Work instructions:
Everything below from the line with "ベッド・アンド・ブレックファスト Gaestehaus Birkenheim 3*" through the line with "Something Good Early Reader" should be copied exactly, and nothing else; leave out the pictures.

Records supplied:

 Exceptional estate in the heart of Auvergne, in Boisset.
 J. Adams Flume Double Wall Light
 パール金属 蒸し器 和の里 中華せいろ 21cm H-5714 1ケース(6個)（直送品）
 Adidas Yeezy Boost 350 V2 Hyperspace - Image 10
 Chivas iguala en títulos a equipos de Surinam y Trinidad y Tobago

==

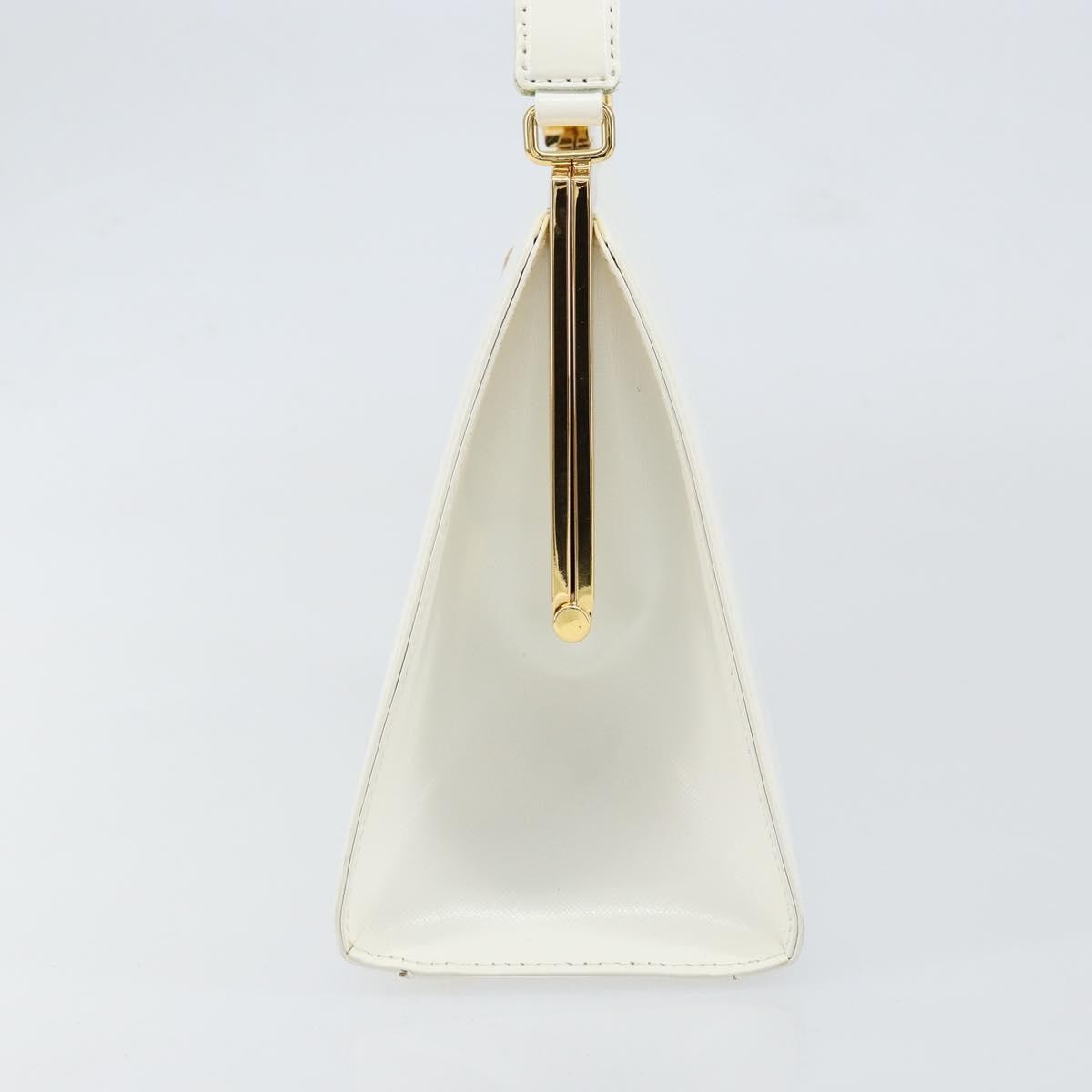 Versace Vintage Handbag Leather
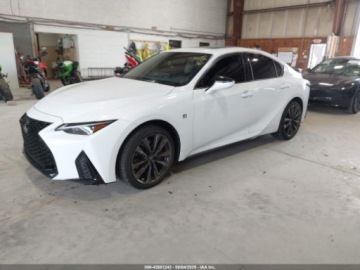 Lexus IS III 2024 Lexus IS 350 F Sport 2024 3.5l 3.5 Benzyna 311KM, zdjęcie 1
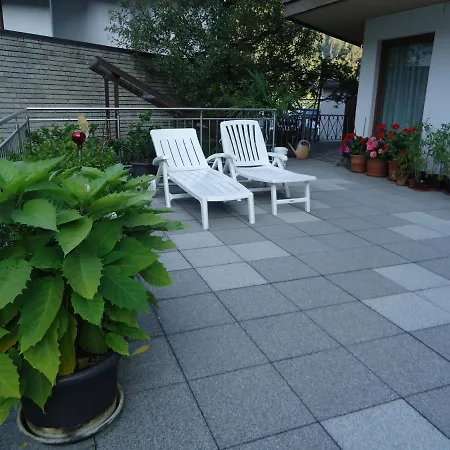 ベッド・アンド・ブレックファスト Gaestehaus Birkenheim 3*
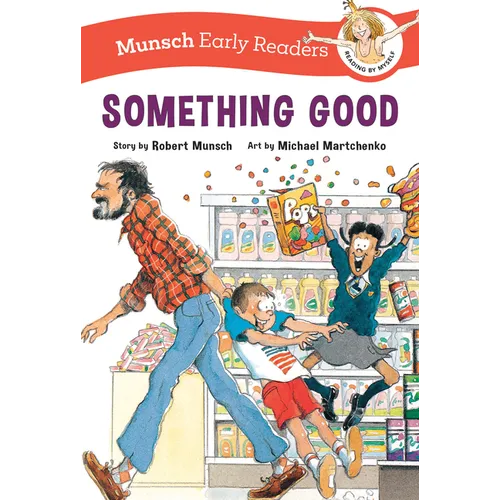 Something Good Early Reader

* * *

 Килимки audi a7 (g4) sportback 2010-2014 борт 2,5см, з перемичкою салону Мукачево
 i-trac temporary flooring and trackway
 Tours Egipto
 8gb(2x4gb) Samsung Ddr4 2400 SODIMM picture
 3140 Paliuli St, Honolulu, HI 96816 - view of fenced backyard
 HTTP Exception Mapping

Reply:
 ベッド・アンド・ブレックファスト Gaestehaus Birkenheim 3*
 Something Good Early Reader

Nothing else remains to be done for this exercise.